I add a member function to that class which allows you to get
the birthdate. But by calling that function, the object will
not change it's visible state: Neither will the name change
nor will the birthdate change. Thus I will make that function
a const one.
--
Karl Heinz Buchegger kb******@gascad.at
"Karl Heinz Buchegger" <kb******@gascad.at> wrote in message
news:40***************@gascad.at... Pmb wrote: What does it meant when a function member of a class is declared as
const?
That the function is not going to change the state of the object when called.
In practice this means: This function can be called on const objects.
I don't understand!? Take the program below as an example. The output is
===
Object Test constructed with x = 1, y = 2
x in print() is 8
y in print() is 9
===
The object "test" was declared constant and yet I modified the two data
members x, y. Does that mean that I've changed the value of the object or
the state of the object.
Perhaps I don't understand what is meant above by the "state of the object"?
Thanks
Pmb
--------------------------------------------------------------------------
#include <iostream.h>
class Test{
public:
Test( int = 0, int = 0 );
void print( int , int ) const;
private:
int x;
int y;
};
Test::Test( int i , int j )
{
x = i;
y = j;
cout << "Object Test constructed with x = " << x << ", y = " << y <<
endl;
}
void Test::print ( int x, int y ) const
{
cout << "x in print() is " << x << endl;
cout << "y in print() is " << y << endl;
}
int main()
{
Test const test( 1, 2 );
test.print ( 8, 9 );
return 0;
}
---------------------------------------------------------------------------
"Pmb" <so*****@somewhere.com> wrote in message
news:m7********************@comcast.com... "Karl Heinz Buchegger" <kb******@gascad.at> wrote in message news:40***************@gascad.at... Pmb wrote: What does it meant when a function member of a class is declared as const? That the function is not going to change the state of the object when called.
In practice this means: This function can be called on const objects.
I don't understand!? Take the program below as an example. The output is
=== Object Test constructed with x = 1, y = 2 x in print() is 8 y in print() is 9 ===
The object "test" was declared constant and yet I modified the two data members x, y.
No you didn't. In print x and y are parameters they are not the member
variables x and y. You wouldnot be able to change the member variables x and
y, but you can change the parameters x and y because they are not declared
const.
Does that mean that I've changed the value of the object or the state of the object.
No you haven't. Perhaps I don't understand what is meant above by the "state of the
object"?
I think you do, the problem it that you don't see that you have two
different x's and two different y's in your program.
john
Pmb wrote: "Karl Heinz Buchegger" <kb******@gascad.at> wrote in message news:40***************@gascad.at... Pmb wrote: What does it meant when a function member of a class is declared as const?
That the function is not going to change the state of the object when called.
In practice this means: This function can be called on const objects.
I don't understand!? Take the program below as an example.
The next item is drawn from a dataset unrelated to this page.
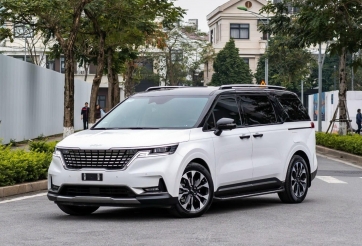 Sau 3 năm lăn bánh, MPV gia đình Kia Carnival 'lướt' lên sàn xe cũ với giá ngỡ ngàng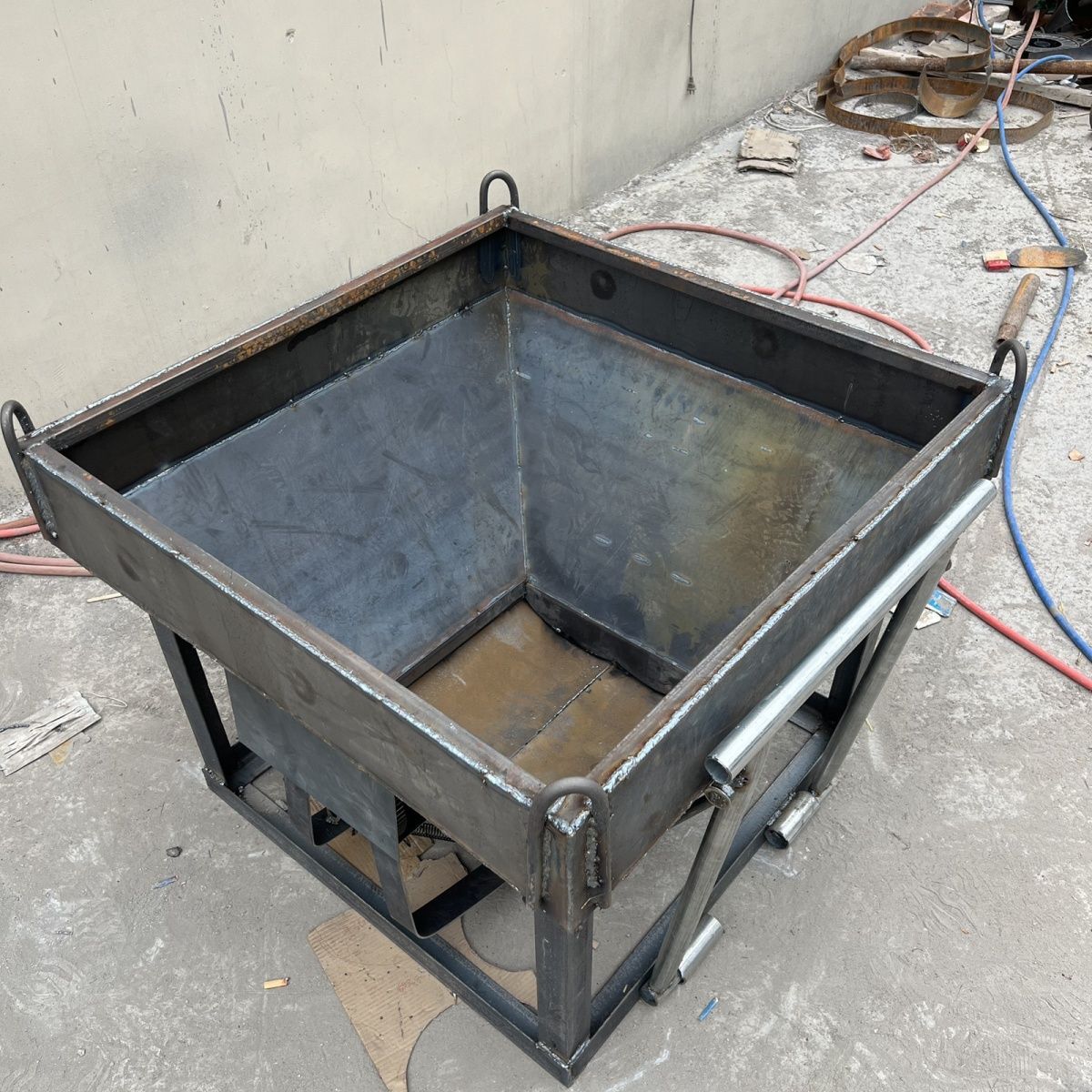 工地齿轮吊料斗建筑塔子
The output is
=== Object Test constructed with x = 1, y = 2 x in print() is 8 y in print() is 9 ===
The object "test" was declared constant and yet I modified the two data members x, y.
Where?
You didn't
In the print function you printed the values passed
to that function, not the member variables.
--
Karl Heinz Buchegger kb******@gascad.at
"Pmb" <so*****@somewhere.com> wrote in message
news:JN********************@comcast.com...
[snip] In any case, after reading it, I don't understand what it means by "The 'abstract (client-visible) state of the object isn't going to change"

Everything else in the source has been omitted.